What to do: In the material below, find the line with "New 2025 Mitsubishi Outlander ES image 22" and the line with "charentaise – Alloue 🌳", then output both and every line between them exactly, omitting pictures.

Provided records:
■ ■ ■ ■ ■
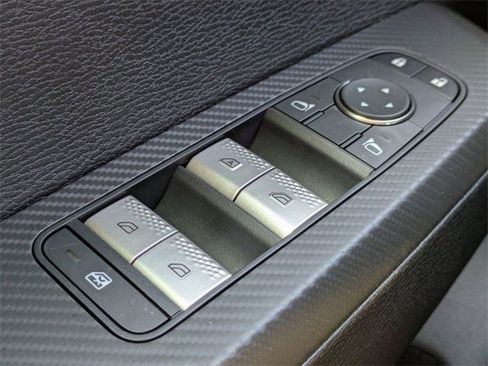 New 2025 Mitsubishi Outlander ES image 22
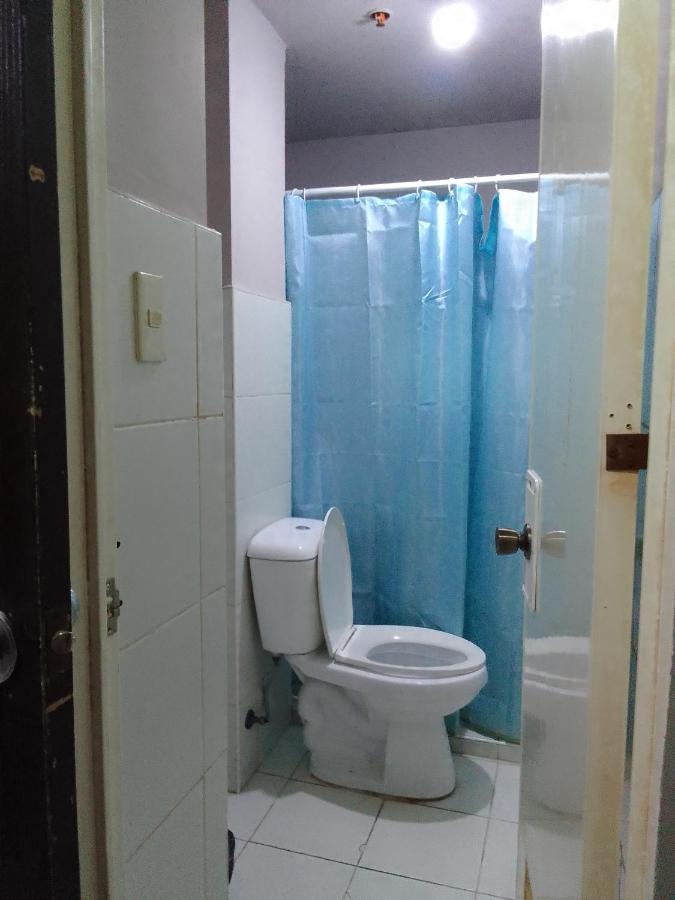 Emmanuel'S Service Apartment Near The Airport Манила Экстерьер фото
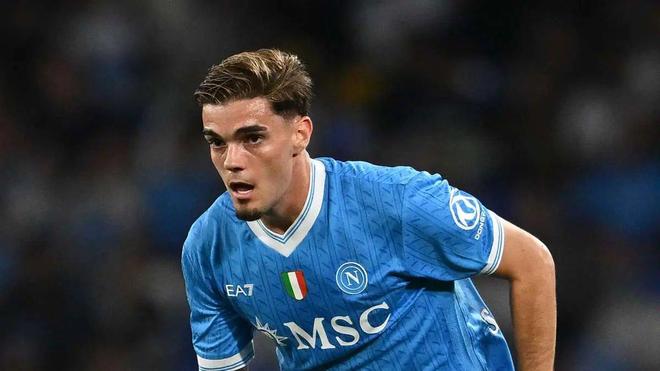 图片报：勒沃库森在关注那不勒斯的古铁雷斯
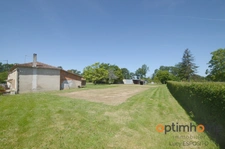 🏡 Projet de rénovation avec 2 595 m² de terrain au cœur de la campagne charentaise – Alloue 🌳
■ ■ ■ ■ ■
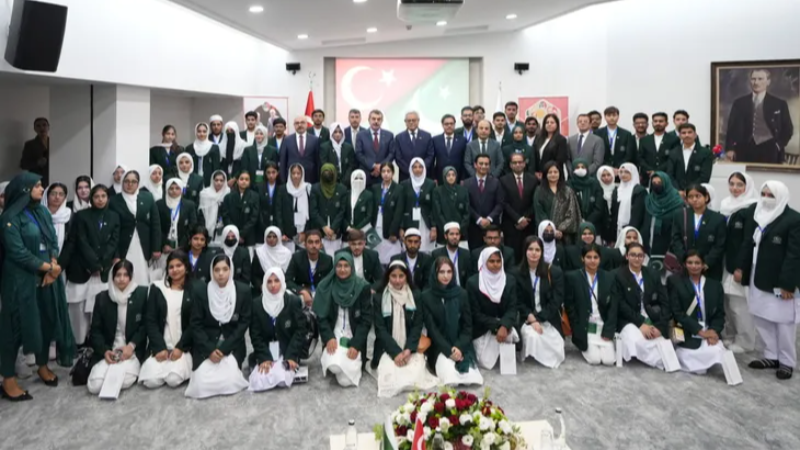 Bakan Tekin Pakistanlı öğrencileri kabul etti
■ ■ ■ ■ ■
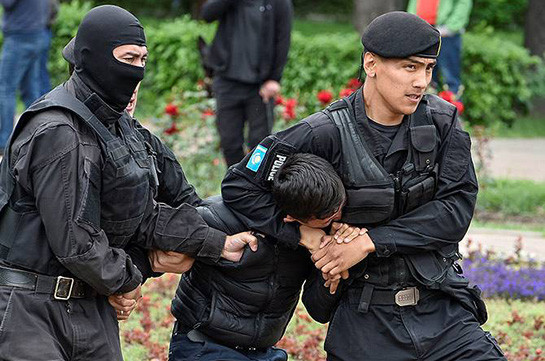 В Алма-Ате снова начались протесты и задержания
■ ■ ■ ■ ■
Output of the exercise:
 New 2025 Mitsubishi Outlander ES image 22
 Emmanuel'S Service Apartment Near The Airport Манила Экстерьер фото
 图片报：勒沃库森在关注那不勒斯的古铁雷斯
 🏡 Projet de rénovation avec 2 595 m² de terrain au cœur de la campagne charentaise – Alloue 🌳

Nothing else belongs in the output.